Work item:
Word for word, return the entries listed below.

Records drawn from a dataset
──────

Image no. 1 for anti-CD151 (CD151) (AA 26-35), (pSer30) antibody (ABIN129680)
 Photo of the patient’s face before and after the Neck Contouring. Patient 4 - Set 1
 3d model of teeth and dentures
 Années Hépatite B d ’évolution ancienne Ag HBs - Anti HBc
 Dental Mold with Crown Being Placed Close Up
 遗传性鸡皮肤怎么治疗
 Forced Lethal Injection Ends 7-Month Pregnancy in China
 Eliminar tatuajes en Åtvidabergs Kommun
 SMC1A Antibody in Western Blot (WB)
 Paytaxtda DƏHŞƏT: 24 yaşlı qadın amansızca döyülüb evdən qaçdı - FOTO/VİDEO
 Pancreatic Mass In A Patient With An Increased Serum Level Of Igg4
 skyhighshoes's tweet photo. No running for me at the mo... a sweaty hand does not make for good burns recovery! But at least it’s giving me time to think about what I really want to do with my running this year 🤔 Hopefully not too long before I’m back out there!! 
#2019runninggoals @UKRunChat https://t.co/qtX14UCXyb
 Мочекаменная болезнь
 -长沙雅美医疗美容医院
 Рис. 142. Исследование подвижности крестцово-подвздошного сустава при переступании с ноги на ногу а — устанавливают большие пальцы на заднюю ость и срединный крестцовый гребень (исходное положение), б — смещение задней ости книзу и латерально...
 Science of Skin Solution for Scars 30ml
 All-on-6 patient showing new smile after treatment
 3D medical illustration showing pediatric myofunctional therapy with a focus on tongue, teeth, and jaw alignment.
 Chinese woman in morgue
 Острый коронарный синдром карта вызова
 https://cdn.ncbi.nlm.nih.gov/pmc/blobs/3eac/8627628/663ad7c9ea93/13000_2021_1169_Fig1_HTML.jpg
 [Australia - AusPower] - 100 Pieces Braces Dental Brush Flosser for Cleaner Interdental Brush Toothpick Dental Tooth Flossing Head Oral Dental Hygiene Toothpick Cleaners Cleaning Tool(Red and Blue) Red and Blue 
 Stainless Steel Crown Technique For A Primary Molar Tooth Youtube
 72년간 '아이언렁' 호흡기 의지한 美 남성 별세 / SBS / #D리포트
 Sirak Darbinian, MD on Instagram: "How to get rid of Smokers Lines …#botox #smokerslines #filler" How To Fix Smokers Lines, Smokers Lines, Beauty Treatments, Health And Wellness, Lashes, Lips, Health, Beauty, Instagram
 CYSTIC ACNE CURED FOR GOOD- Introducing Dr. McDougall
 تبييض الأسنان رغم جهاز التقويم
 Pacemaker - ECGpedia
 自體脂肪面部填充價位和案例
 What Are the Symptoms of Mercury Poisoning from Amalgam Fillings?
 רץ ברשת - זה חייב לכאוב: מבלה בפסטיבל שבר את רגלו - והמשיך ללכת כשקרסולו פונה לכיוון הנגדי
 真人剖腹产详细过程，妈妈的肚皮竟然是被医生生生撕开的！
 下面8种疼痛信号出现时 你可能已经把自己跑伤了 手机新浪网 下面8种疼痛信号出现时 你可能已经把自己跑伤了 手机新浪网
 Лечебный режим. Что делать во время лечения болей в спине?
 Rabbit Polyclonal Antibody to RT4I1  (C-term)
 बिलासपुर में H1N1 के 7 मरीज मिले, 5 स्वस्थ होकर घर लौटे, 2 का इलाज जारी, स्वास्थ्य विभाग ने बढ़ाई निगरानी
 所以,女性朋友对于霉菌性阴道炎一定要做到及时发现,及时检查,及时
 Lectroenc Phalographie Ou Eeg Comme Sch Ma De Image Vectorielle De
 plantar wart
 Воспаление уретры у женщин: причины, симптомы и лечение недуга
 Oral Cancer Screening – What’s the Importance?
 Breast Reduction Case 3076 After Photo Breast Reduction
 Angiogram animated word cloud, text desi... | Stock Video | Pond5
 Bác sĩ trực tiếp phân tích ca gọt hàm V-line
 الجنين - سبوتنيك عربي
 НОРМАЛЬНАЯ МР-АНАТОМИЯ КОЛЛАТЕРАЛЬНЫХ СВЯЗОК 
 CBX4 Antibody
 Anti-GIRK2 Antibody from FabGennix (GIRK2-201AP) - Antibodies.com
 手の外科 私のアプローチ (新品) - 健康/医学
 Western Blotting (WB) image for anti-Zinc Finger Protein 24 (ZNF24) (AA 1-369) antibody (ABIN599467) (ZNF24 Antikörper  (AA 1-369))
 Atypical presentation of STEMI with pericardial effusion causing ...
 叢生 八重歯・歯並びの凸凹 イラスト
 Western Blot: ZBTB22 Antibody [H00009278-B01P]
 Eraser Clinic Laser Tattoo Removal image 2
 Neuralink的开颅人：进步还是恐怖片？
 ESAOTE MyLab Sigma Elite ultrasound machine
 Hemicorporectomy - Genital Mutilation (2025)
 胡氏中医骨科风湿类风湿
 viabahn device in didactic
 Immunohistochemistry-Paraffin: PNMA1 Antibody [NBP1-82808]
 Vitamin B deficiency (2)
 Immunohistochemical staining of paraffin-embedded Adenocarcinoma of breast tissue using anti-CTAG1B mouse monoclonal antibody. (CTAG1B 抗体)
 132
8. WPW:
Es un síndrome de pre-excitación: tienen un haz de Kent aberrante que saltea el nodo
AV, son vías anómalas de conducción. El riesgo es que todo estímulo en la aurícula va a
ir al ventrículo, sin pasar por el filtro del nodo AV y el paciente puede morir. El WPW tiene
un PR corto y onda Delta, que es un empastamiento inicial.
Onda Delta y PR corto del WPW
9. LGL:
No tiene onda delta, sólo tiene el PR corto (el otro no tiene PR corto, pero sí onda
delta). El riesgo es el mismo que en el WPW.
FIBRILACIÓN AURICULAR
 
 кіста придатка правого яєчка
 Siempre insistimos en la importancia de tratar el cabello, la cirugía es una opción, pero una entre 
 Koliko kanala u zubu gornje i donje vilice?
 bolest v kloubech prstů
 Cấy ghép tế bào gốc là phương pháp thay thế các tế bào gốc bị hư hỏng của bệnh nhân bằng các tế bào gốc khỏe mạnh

──────

Expected answer:
Image no. 1 for anti-CD151 (CD151) (AA 26-35), (pSer30) antibody (ABIN129680)
 Photo of the patient’s face before and after the Neck Contouring. Patient 4 - Set 1
 3d model of teeth and dentures
 Années Hépatite B d ’évolution ancienne Ag HBs - Anti HBc
 Dental Mold with Crown Being Placed Close Up
 遗传性鸡皮肤怎么治疗
 Forced Lethal Injection Ends 7-Month Pregnancy in China
 Eliminar tatuajes en Åtvidabergs Kommun
 SMC1A Antibody in Western Blot (WB)
 Paytaxtda DƏHŞƏT: 24 yaşlı qadın amansızca döyülüb evdən qaçdı - FOTO/VİDEO
 Pancreatic Mass In A Patient With An Increased Serum Level Of Igg4
 skyhighshoes's tweet photo. No running for me at the mo... a sweaty hand does not make for good burns recovery! But at least it’s giving me time to think about what I really want to do with my running this year 🤔 Hopefully not too long before I’m back out there!! 
#2019runninggoals @UKRunChat https://t.co/qtX14UCXyb
 Мочекаменная болезнь
 -长沙雅美医疗美容医院
 Рис. 142. Исследование подвижности крестцово-подвздошного сустава при переступании с ноги на ногу а — устанавливают большие пальцы на заднюю ость и срединный крестцовый гребень (исходное положение), б — смещение задней ости книзу и латерально...
 Science of Skin Solution for Scars 30ml
 All-on-6 patient showing new smile after treatment
 3D medical illustration showing pediatric myofunctional therapy with a focus on tongue, teeth, and jaw alignment.
 Chinese woman in morgue
 Острый коронарный синдром карта вызова
 https://cdn.ncbi.nlm.nih.gov/pmc/blobs/3eac/8627628/663ad7c9ea93/13000_2021_1169_Fig1_HTML.jpg
 [Australia - AusPower] - 100 Pieces Braces Dental Brush Flosser for Cleaner Interdental Brush Toothpick Dental Tooth Flossing Head Oral Dental Hygiene Toothpick Cleaners Cleaning Tool(Red and Blue) Red and Blue 
 Stainless Steel Crown Technique For A Primary Molar Tooth Youtube
 72년간 '아이언렁' 호흡기 의지한 美 남성 별세 / SBS / #D리포트
 Sirak Darbinian, MD on Instagram: "How to get rid of Smokers Lines …#botox #smokerslines #filler" How To Fix Smokers Lines, Smokers Lines, Beauty Treatments, Health And Wellness, Lashes, Lips, Health, Beauty, Instagram
 CYSTIC ACNE CURED FOR GOOD- Introducing Dr. McDougall
 تبييض الأسنان رغم جهاز التقويم
 Pacemaker - ECGpedia
 自體脂肪面部填充價位和案例
 What Are the Symptoms of Mercury Poisoning from Amalgam Fillings?
 רץ ברשת - זה חייב לכאוב: מבלה בפסטיבל שבר את רגלו - והמשיך ללכת כשקרסולו פונה לכיוון הנגדי
 真人剖腹产详细过程，妈妈的肚皮竟然是被医生生生撕开的！
 下面8种疼痛信号出现时 你可能已经把自己跑伤了 手机新浪网 下面8种疼痛信号出现时 你可能已经把自己跑伤了 手机新浪网
 Лечебный режим. Что делать во время лечения болей в спине?
 Rabbit Polyclonal Antibody to RT4I1  (C-term)
 बिलासपुर में H1N1 के 7 मरीज मिले, 5 स्वस्थ होकर घर लौटे, 2 का इलाज जारी, स्वास्थ्य विभाग ने बढ़ाई निगरानी
 所以,女性朋友对于霉菌性阴道炎一定要做到及时发现,及时检查,及时
 Lectroenc Phalographie Ou Eeg Comme Sch Ma De Image Vectorielle De
 plantar wart
 Воспаление уретры у женщин: причины, симптомы и лечение недуга
 Oral Cancer Screening – What’s the Importance?
 Breast Reduction Case 3076 After Photo Breast Reduction
 Angiogram animated word cloud, text desi... | Stock Video | Pond5
 Bác sĩ trực tiếp phân tích ca gọt hàm V-line
 الجنين - سبوتنيك عربي
 НОРМАЛЬНАЯ МР-АНАТОМИЯ КОЛЛАТЕРАЛЬНЫХ СВЯЗОК 
 CBX4 Antibody
 Anti-GIRK2 Antibody from FabGennix (GIRK2-201AP) - Antibodies.com
 手の外科 私のアプローチ (新品) - 健康/医学
 Western Blotting (WB) image for anti-Zinc Finger Protein 24 (ZNF24) (AA 1-369) antibody (ABIN599467) (ZNF24 Antikörper  (AA 1-369))
 Atypical presentation of STEMI with pericardial effusion causing ...
 叢生 八重歯・歯並びの凸凹 イラスト
 Western Blot: ZBTB22 Antibody [H00009278-B01P]
 Eraser Clinic Laser Tattoo Removal image 2
 Neuralink的开颅人：进步还是恐怖片？
 ESAOTE MyLab Sigma Elite ultrasound machine
 Hemicorporectomy - Genital Mutilation (2025)
 胡氏中医骨科风湿类风湿
 viabahn device in didactic
 Immunohistochemistry-Paraffin: PNMA1 Antibody [NBP1-82808]
 Vitamin B deficiency (2)
 Immunohistochemical staining of paraffin-embedded Adenocarcinoma of breast tissue using anti-CTAG1B mouse monoclonal antibody. (CTAG1B 抗体)
 132
8. WPW:
Es un síndrome de pre-excitación: tienen un haz de Kent aberrante que saltea el nodo
AV, son vías anómalas de conducción. El riesgo es que todo estímulo en la aurícula va a
ir al ventrículo, sin pasar por el filtro del nodo AV y el paciente puede morir. El WPW tiene
un PR corto y onda Delta, que es un empastamiento inicial.
Onda Delta y PR corto del WPW
9. LGL:
No tiene onda delta, sólo tiene el PR corto (el otro no tiene PR corto, pero sí onda
delta). El riesgo es el mismo que en el WPW.
FIBRILACIÓN AURICULAR
 
 кіста придатка правого яєчка
 Siempre insistimos en la importancia de tratar el cabello, la cirugía es una opción, pero una entre 
 Koliko kanala u zubu gornje i donje vilice?
 bolest v kloubech prstů
 Cấy ghép tế bào gốc là phương pháp thay thế các tế bào gốc bị hư hỏng của bệnh nhân bằng các tế bào gốc khỏe mạnh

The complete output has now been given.